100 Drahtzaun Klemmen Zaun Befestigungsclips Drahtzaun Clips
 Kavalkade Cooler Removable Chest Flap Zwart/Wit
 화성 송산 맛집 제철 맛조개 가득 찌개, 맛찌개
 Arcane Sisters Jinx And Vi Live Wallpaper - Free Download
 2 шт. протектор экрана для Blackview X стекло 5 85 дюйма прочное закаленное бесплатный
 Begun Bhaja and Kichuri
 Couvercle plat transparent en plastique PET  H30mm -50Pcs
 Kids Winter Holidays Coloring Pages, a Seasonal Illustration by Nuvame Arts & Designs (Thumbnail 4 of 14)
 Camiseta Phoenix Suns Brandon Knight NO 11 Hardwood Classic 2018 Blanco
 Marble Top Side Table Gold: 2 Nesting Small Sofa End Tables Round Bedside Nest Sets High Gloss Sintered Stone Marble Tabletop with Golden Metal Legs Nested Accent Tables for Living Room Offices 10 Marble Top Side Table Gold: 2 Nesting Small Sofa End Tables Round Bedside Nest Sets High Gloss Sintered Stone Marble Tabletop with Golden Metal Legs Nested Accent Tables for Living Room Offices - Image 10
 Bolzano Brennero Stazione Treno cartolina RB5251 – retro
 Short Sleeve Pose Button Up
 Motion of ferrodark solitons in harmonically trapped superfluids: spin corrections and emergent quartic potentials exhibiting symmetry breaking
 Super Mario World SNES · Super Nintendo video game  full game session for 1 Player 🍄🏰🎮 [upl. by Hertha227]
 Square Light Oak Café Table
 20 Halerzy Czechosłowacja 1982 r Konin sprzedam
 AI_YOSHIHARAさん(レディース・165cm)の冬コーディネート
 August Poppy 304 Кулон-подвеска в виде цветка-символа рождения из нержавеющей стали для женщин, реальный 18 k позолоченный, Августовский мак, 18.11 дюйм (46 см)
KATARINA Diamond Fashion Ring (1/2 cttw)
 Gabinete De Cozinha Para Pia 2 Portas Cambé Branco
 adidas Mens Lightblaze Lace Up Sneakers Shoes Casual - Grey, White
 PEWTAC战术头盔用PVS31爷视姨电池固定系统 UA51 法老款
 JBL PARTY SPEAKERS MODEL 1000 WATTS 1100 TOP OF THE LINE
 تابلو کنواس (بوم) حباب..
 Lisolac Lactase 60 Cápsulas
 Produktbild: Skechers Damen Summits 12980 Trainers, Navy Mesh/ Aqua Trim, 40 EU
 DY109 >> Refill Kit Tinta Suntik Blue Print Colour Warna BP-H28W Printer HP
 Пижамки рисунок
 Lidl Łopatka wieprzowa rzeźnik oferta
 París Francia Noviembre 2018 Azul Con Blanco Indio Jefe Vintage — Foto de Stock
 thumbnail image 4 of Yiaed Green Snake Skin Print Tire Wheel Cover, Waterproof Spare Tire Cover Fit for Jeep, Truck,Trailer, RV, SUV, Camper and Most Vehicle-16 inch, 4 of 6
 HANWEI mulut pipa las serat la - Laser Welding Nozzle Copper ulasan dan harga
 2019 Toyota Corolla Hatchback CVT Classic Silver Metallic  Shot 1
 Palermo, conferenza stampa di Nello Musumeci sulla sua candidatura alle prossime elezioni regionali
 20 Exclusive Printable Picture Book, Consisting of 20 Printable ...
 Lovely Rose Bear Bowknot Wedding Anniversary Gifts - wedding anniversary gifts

────────────────────

▸ Task instructions
Go through the lines above and count those with the string "Classic". Reply with the count and nothing more.

▸ Answer
2